On 28 September 1991, a musician who could claim to have ‘revolutionised music five times’, without ever having inspired mockery or ridicule, passed away. Like any good gemini, Miles Davis went where the wind took him, following his seemingly magical intuition.
It all started at the age of eight when Ellington, Hampton and Basie were on the radio. Our young Illinois native was hooked. He soon took up the trumpet, taking lessons and joining his high school band, though never coming first in any competitions. Why not? Because he was Black. In response he worked hard to master his music.
It was at this point that he started to meet people like Clark Terry and Sonny Stitt.Then came the slap in the face that was Parker and Dizzy’s bebop. ‘I was so shocked that I couldn’t decipher a single note.’ Davis left for New York where by day he studied at the prestigious Juilliard School, and by night sought out Parker in the clubs on 52nd Street. When he finally met his hero he mistook him for a tramp. Davis then became enmeshed in the cutting edge of the avant-garde, alongside his new friend (“Billie’s Bounce”). He was nineteen years old. ‘Bird wanted a different trumpet player from Dizzy. He wanted a more relaxed style, someone who played in the middle register, like me.’ Miles took on a more restrained style that he drew from the Saint Louis playbook: a round, clean sound with a slight vibrato.

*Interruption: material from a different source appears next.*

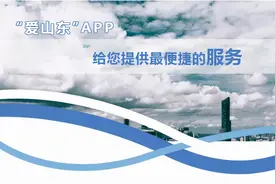 下载“爱山东”APP，实现一部手机畅行齐鲁！图片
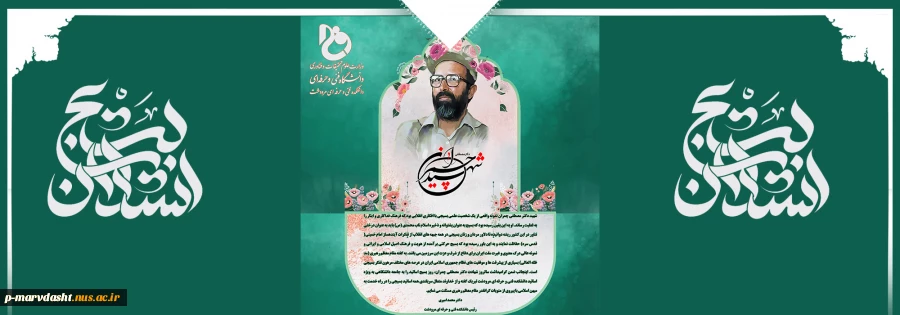 بسیج اساتید  2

In 1947, he began to make recordings as a band leader (Milestones) and began a lifelong friendship with Gil Evan. ‘This tall, thin white guy came in with a bag full of radishes that he ate with salt’ Davis remembered of the man who who chiselled out the refined arrangements for “Moon Dreams” on Birth of The Cool. Dizzy didn't like it, commenting that ‘you have to sweat your balls off in this kind of music. They softened it up.’ Others, such as Chet Baker, jumped into the breach. As for Miles, he worked with Sonny Rollins (“Morpheus”), Lee Konitz (“Odjenar”), Zoot Sims (“Tasty Pudding”), and Charlie Mingus (“Smooch”). Though these are all assured works, a stagnation was beginning to occur. Addicted to heroin, Davis gave up playing and started hustling and pimping in order to satisfy his vice.

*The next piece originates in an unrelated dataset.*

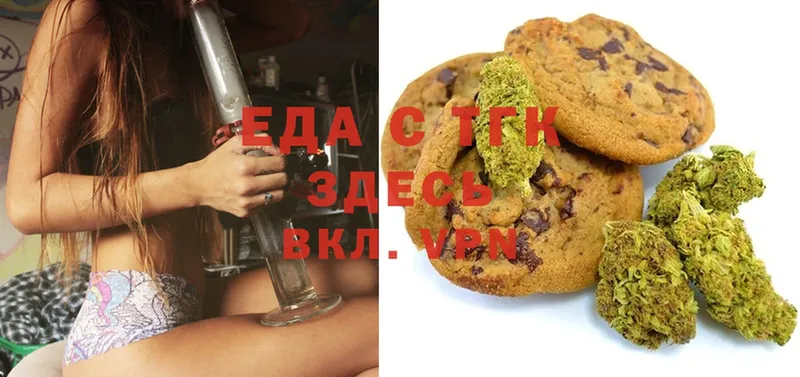 Canna-Cookies марихуана  что такое   Рыльск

At the end of 1953 he locked himself away at his father’s house to get away from it all. He rebirth came with Walkin’: ‘This album completely changed my life and my career. (...) I wanted to set the music on fire again with improvisations of bebop, that Diz and Bird had started.’ These legendary sessions with Monk in 1954 are remembered to this day. On one of Milt Jackson’s songs (“Bag’s Groove”), Miles insisted that the pianist not play during his solo. Angered, Monk danced like a bear around the trumpeter. ‘When you’re a brass player and you’ve got Monk behind you, it’s like having the devil himself poking you in the ass with his pitchfork – it’ll either distract you or give you wings to fly’ remarked Laurent de Wilde in an apt analyses. Drama also occurred on “The Man I Love”. During his solo, Monk remained silent for ten interminable seconds. It was too much. Miles gave him his marching orders and asked his pianist Red Garland to imitate the airy style of Ahmad Jamal (“Will You Still Be Mine”). His intuitions were astute and the first quintet was to become legendary...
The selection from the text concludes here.